Recognizing Bad Wine

When you go wine tasting, you don’t expect to like everything you try.  In most cases, that’s simply a matter of taste.  No winery is capable of appealing to everyone and no visitor is required to like everything he or she samples.  But here we’re not talking about a wine you just don’t enjoy.  It doesn’t happen often but in some rare cases, the wine that’s put in you glass is simply tainted.  Sadly, it happens with bottles that you bring home from the store, too.

Photo courtesy of Sentara Healthcare.

When it happens in a tasting room, it’s fairly important to recognize the flaw in what you’re tasting and report it to the server or the tasting room manager.  They want to know if there’s a problem and prevent shipment of wines that are simply bad.  Each of the following instances has happened to us at one time or another although, as we say, it’s been rare.

  • Brett This taint is caused by the presence of a yeast called Brettanomyces, or brett for short.

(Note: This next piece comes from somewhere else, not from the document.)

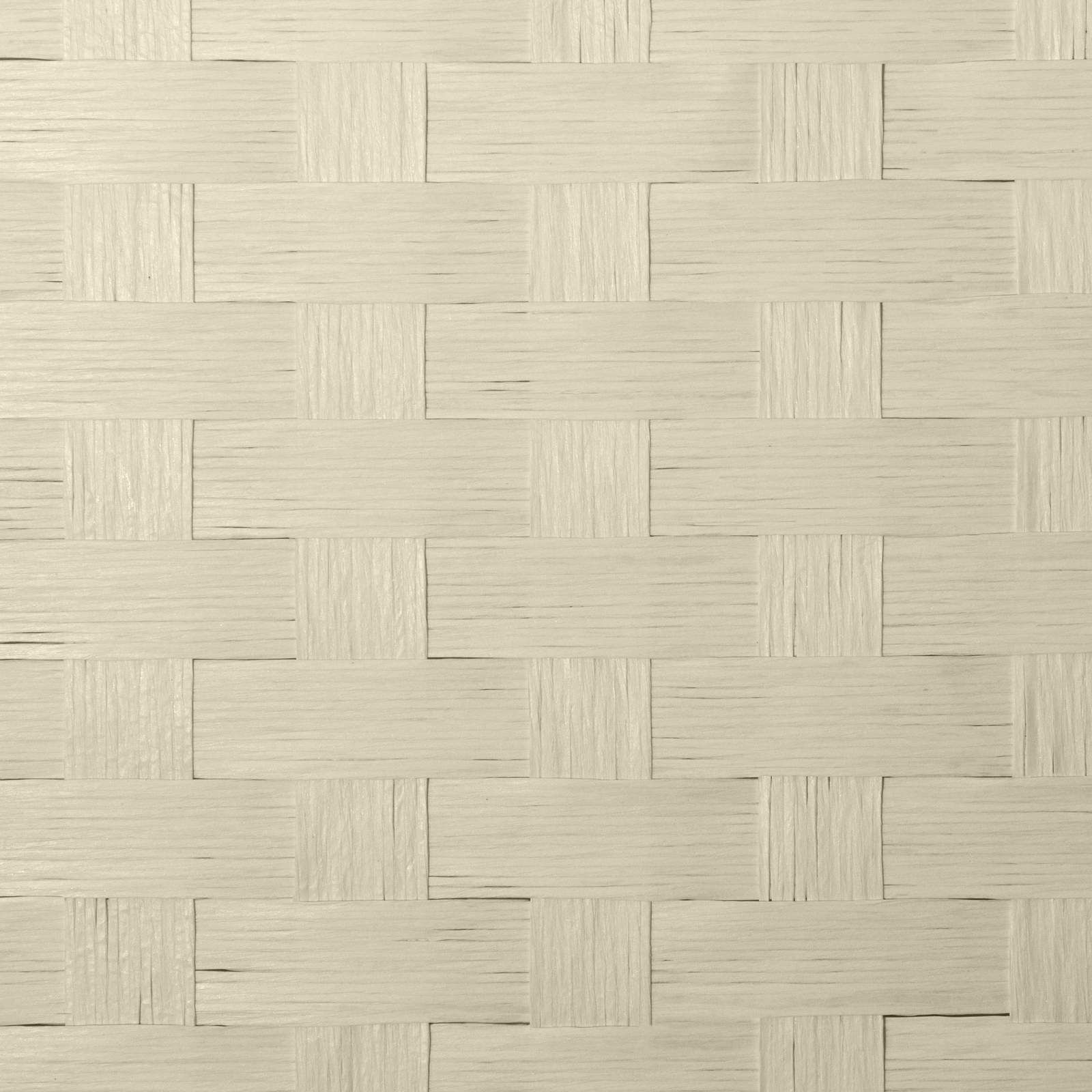 2 ft. Short Woven Fiber Folding Screen - 6 Panel - Cream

It is a bit difficult to discuss, for two reasons.  The first is that brett is only described in euphemisms, most often as “barnyard smell”.  It’s easy to get the point: Brett makes wine smell and taste really bad.  But the other difficulty is that some people (including winemakers) actually like a little bit of that smell.  And who’s to say much is “a little bit”?  Brett seems more prevalent in Pinot Noir, especially French Burgundies and is much sought after by some connoisseurs.  But if brett shows up in your glass and it’s clearly too much, mention it to your server, but be prepared to be told, “It’s supposed to taste that way.”

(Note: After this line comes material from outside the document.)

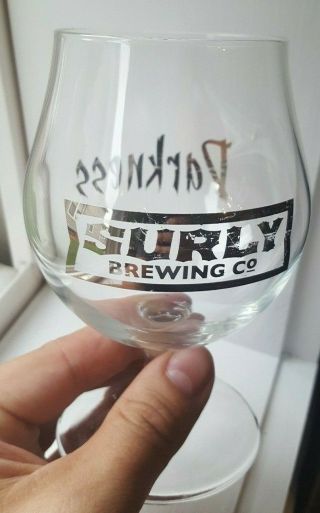 Surly Brewing Company Rare Snifter Glass Minneapolis Minnesota Brewery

  • Corked wine Winemakers are not responsible for corked wine, but cork manufacturers are. There are some fungi in cork trees which may appear when the bark of trees is turned into bottle closures.  It’s a chemical called TCA (2,4,6 – trichloroanisole) or simply TCA.  Once in contact with the wine, it imparts an aroma and taste that is often described as wet cardboard.  Once corked, the wine cannot recover, no matter how long it’s aged or left to air out.  We were once at a renowned winery that is famous for their attention to the science involved in winemaking.  After a tour, we were served in a pleasant tasting room.  And to our dismay, the first Chardonnay served was corked.  We immediately told the server, who was abashed to be sure and she quickly took the cork.  The manufacturer and batch were identified on it.  She took it to the lab people in the back so they could eliminate those corks from future production. That’s why servers should smell the wine before pouring from a new bottle, avoiding serving corked wine to visitors.  This one did not.

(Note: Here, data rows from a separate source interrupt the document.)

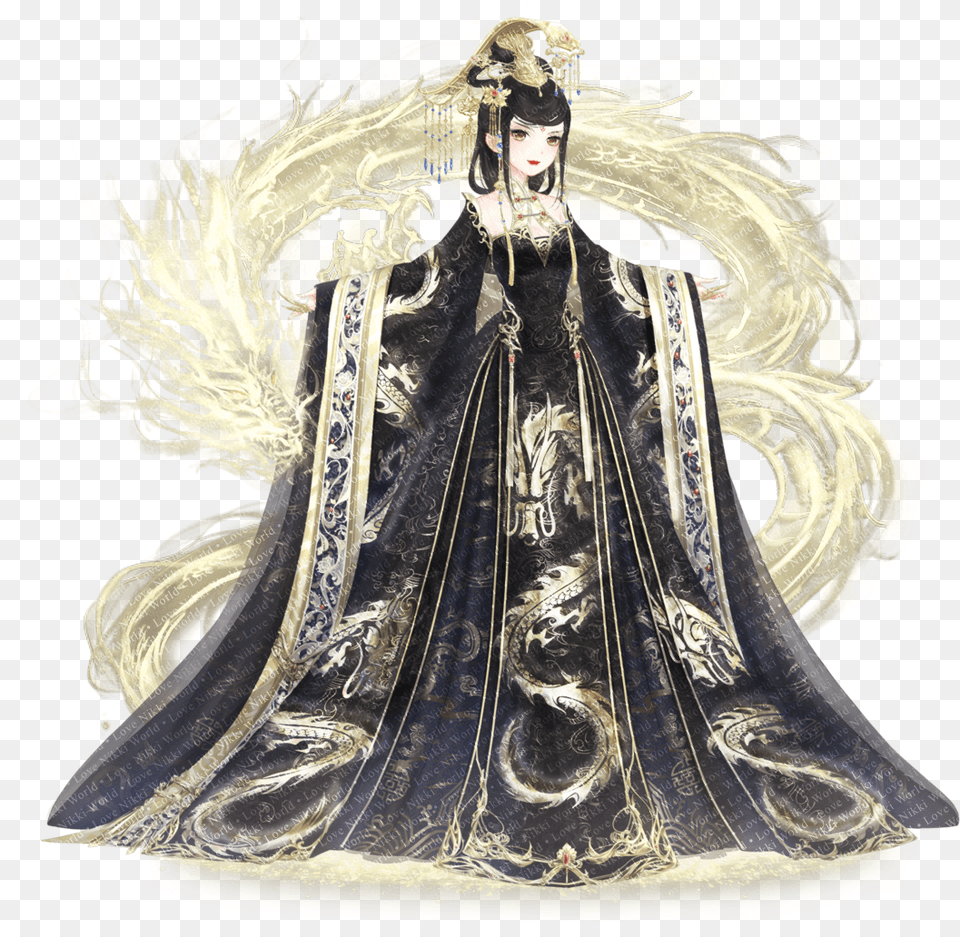 Cloud Dragon Of Apocalypse Miracle Nikki, Fashion, Adult, Wedding, Person Png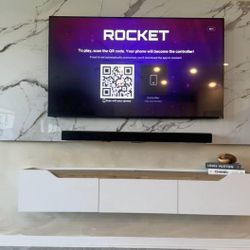 White Floating TV Stand
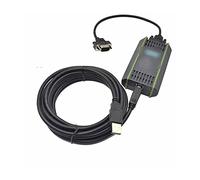 QSBVSO Câble U câble de Programmation PPI MPI Compatible with sie-Mens S7-200 300 400 Adaptateur PLC 6ES7972-0CB20-0XA0 Prise en Charge WIN7/XP/VISTA(USB-MPI)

  • Wine fault There are some cases in which a wine has an off taste, such as rotten eggs, discarded motor oil or swamp. In our experience, this problem occurs rarely, most often following a below average harvest.  Some winemakers, rather than accepting the fact that they won’t get good wine that year, play with it, adding chemicals and using techniques to “boost’ the wine.  In a few cases, all that effort just makes a poor wine into a bad one.  We well remember tasting the poor 2011 vintage at one of Napa Valley’s most famous wineries.  One of the wines tasted…rotten.  Our server told us that the wine was still young and would improve with age.  We tried using a Clef du Vin to see if age would make a difference, but it didn’t.  We have since been back to that winery, but we’re always on our guard when we taste there.